- _Prompt_
Output word for word the lines from the one with "Beautiful Family Near" to the final line of the data, both ends included, but skip the pictures.
(Beginning of Information given)
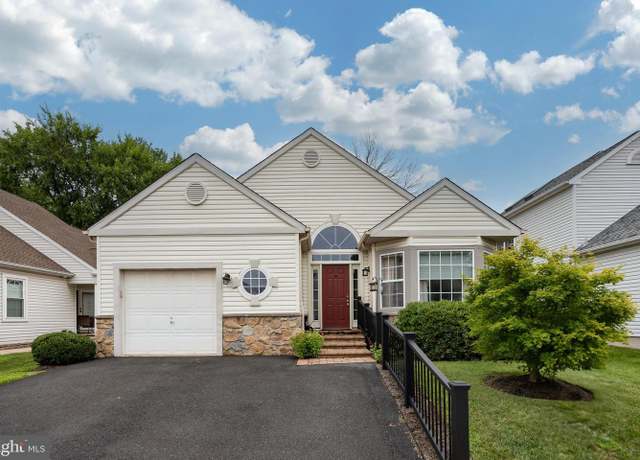 Property at 16 Longcross Rd, Royersford, PA 19468, 2 beds, 2 baths
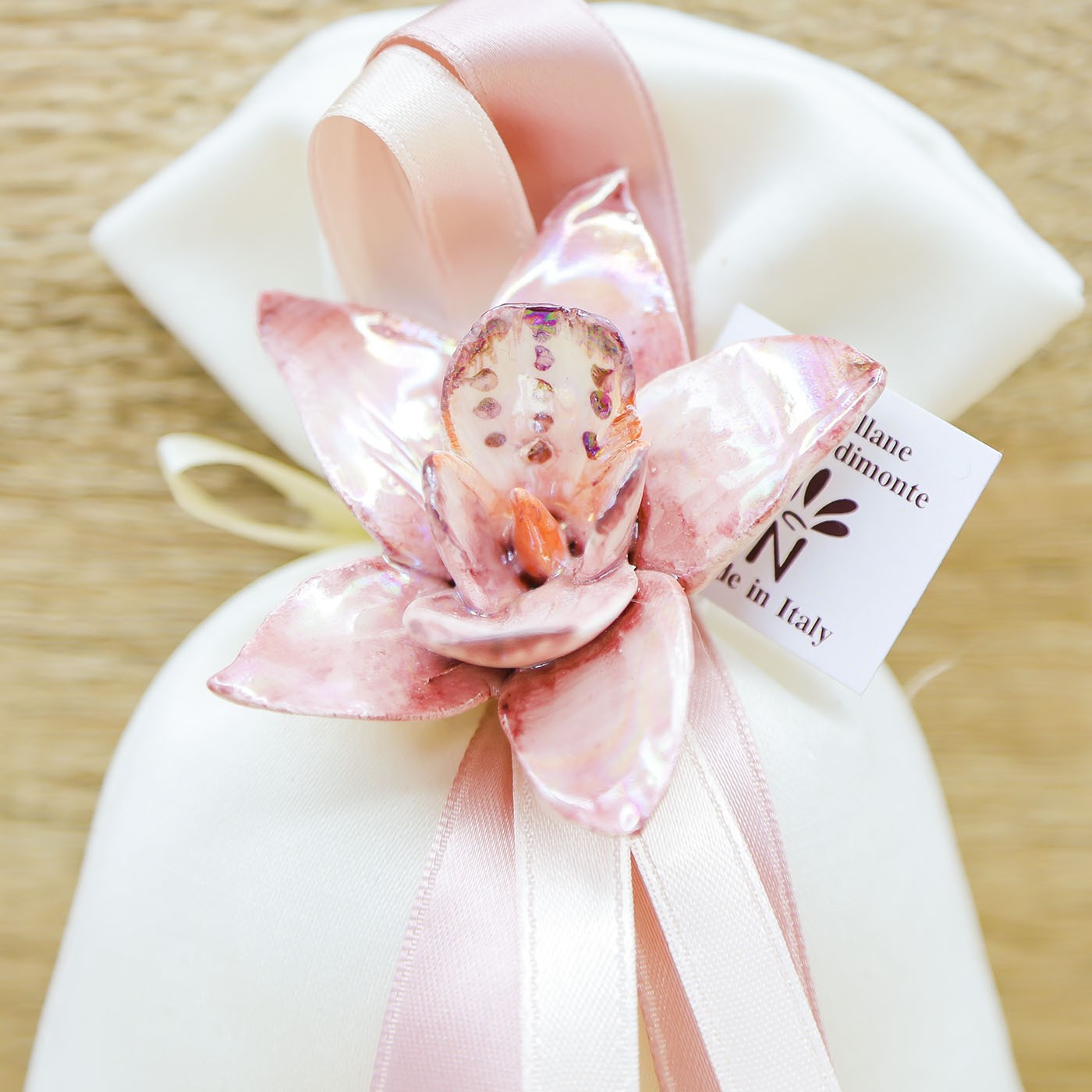 Sacchetto con Fiore Porcellana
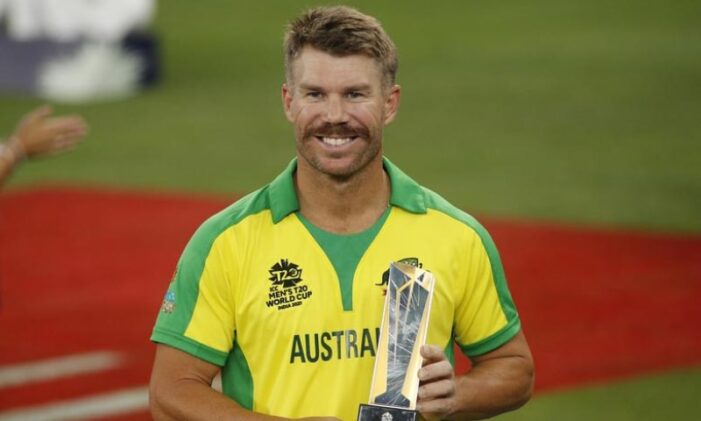Warner ready to talk leadership with Cricket Australia
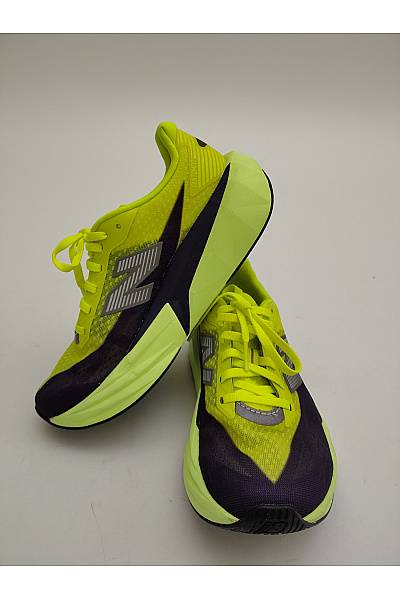 New Balance Dámské tenisky FuelCell Rebel v4 Žluté Velikost US 7 | New Balance | obrázek 9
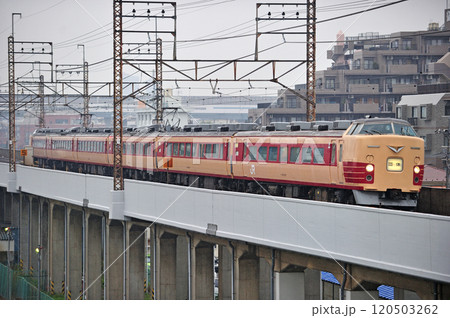 武蔵野線　西浦和ー北朝霞　JR東日本　183系　OM103編成（大宮）　団体 120503262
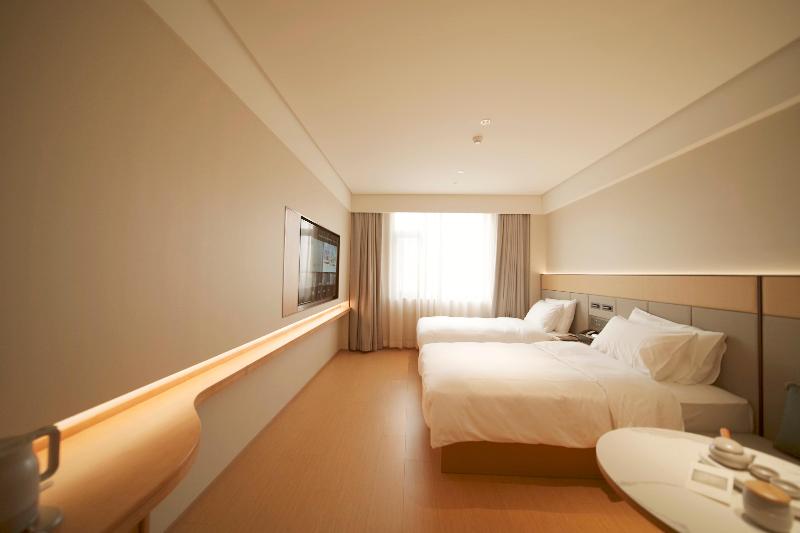 JI Hotel Beijing Changping Xiguan Island image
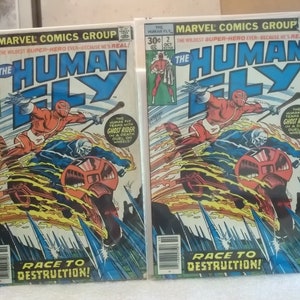 Puede incluir: Dos cómics de Marvel Comics con "The Human Fly". Las portadas muestran a un superhéroe vestido de rojo luchando contra un personaje con cabeza de calavera en una moto, con el texto "Race to Destruction!"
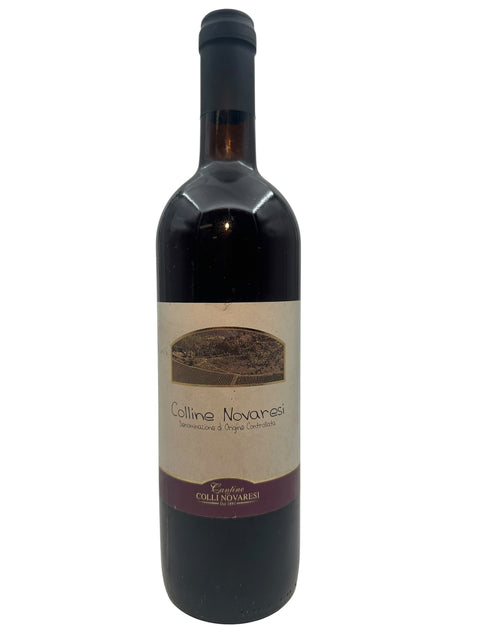 Bouteille de vin rouge de la Cantine Colli Novaresi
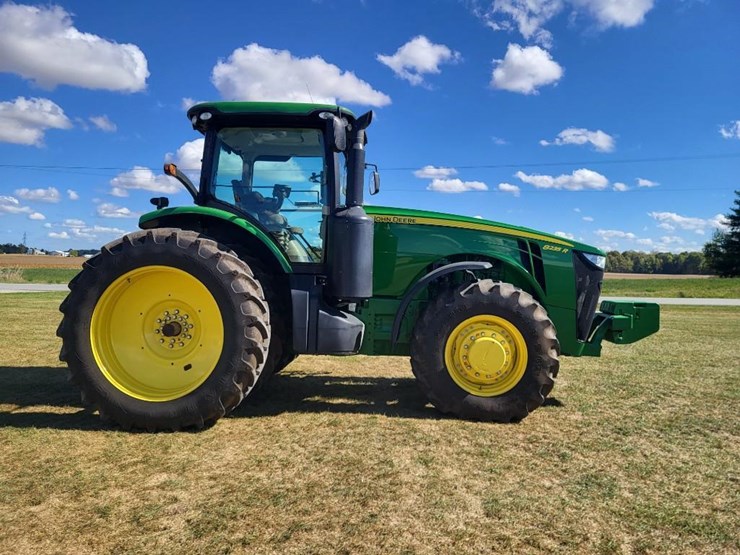 2011-john-deere-8235r-image-2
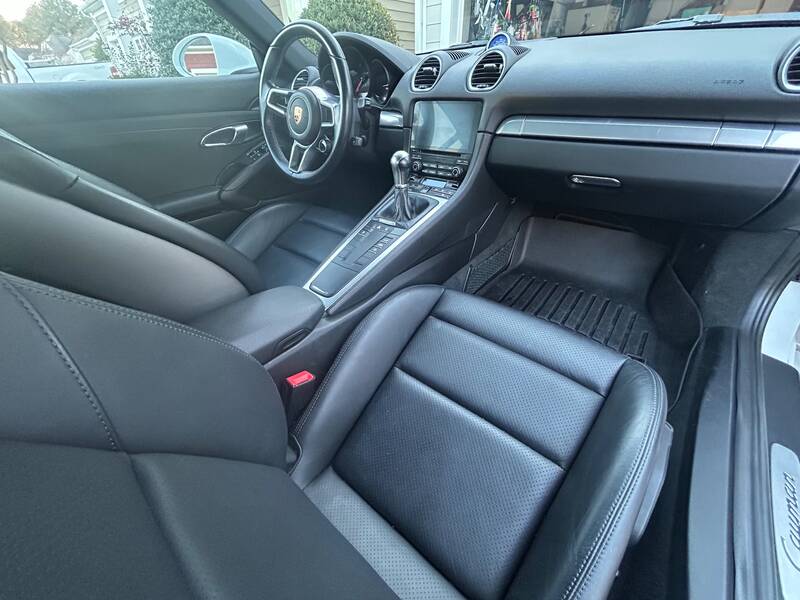 2018 Cayman picture #9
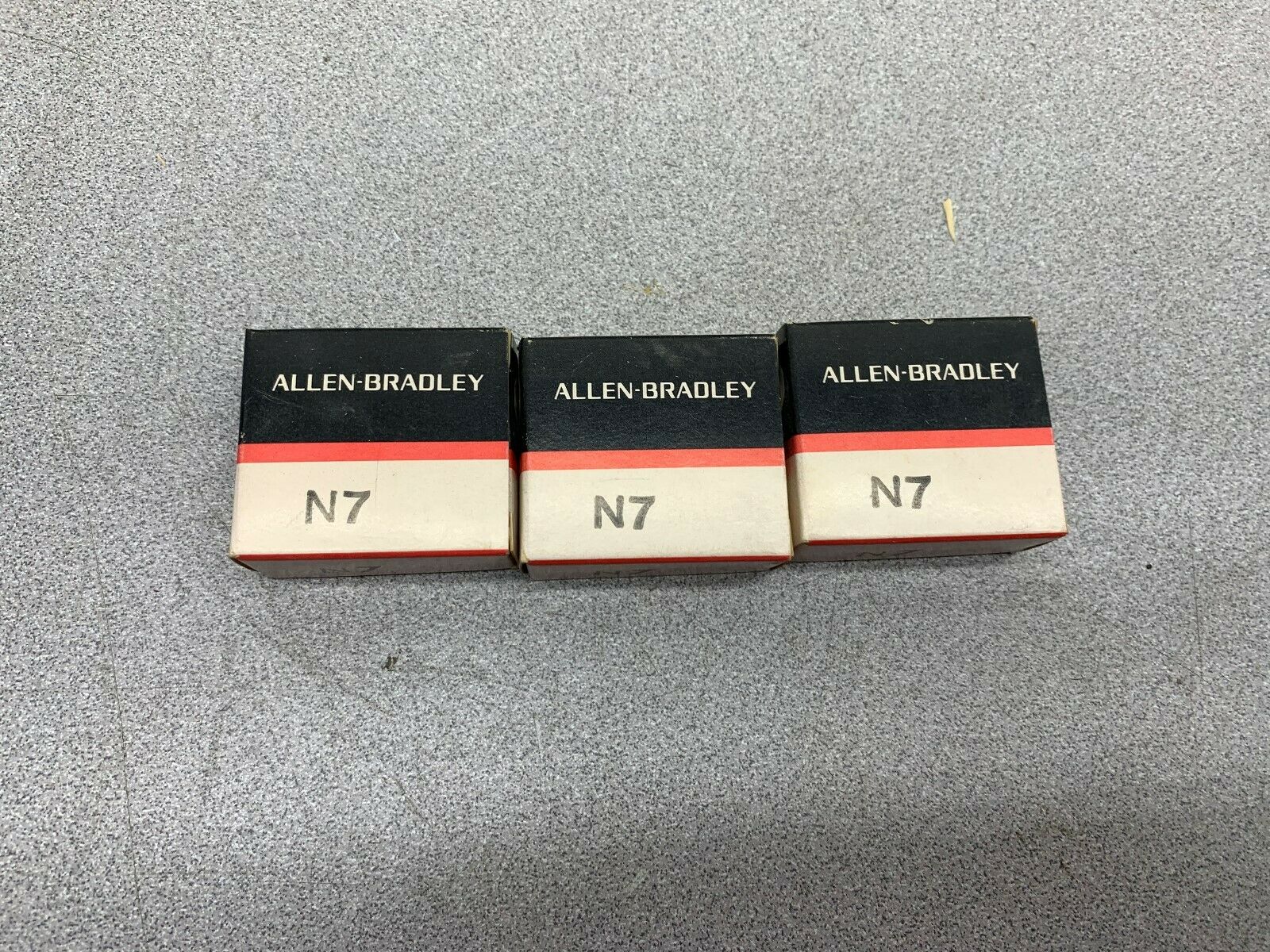 LOT OF 3 NEW IN BOX ALLEN BRADLEY HEATER ELEMENT N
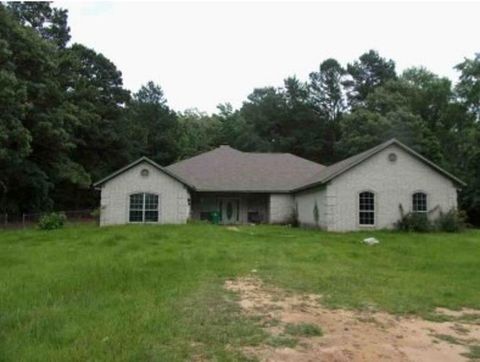 Photo of 4924 W Oak Street, Palestine, TX 75801 (MLS # 47542618) Photo of 4924 W Oak Street, Palestine, TX 75801 (MLS # 47542618)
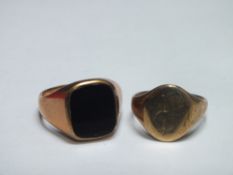 A HALLMARKED 9CT GOLD SIGNET RING SET WITH BLACK ONYX PANEL, ring size T, 7.2 g, together with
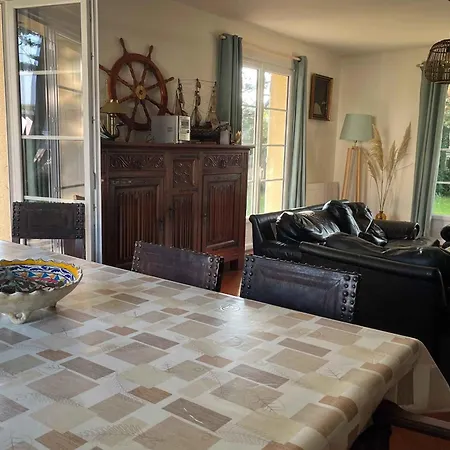 Beautiful Family Near Sainte-cecile Holiday home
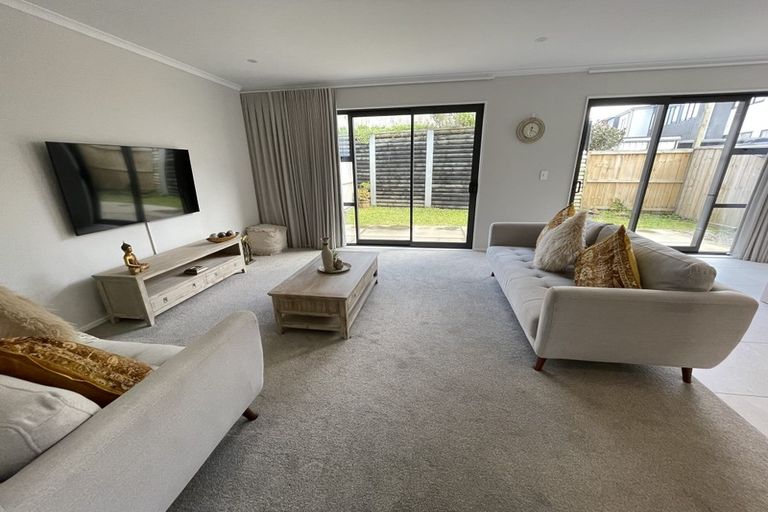 Photo of property in 19 Richard Petterd Way, Swanson, Auckland, 0614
(End of Information given)
- _Response for this exercise_
 Beautiful Family Near Sainte-cecile Holiday home
 Photo of property in 19 Richard Petterd Way, Swanson, Auckland, 0614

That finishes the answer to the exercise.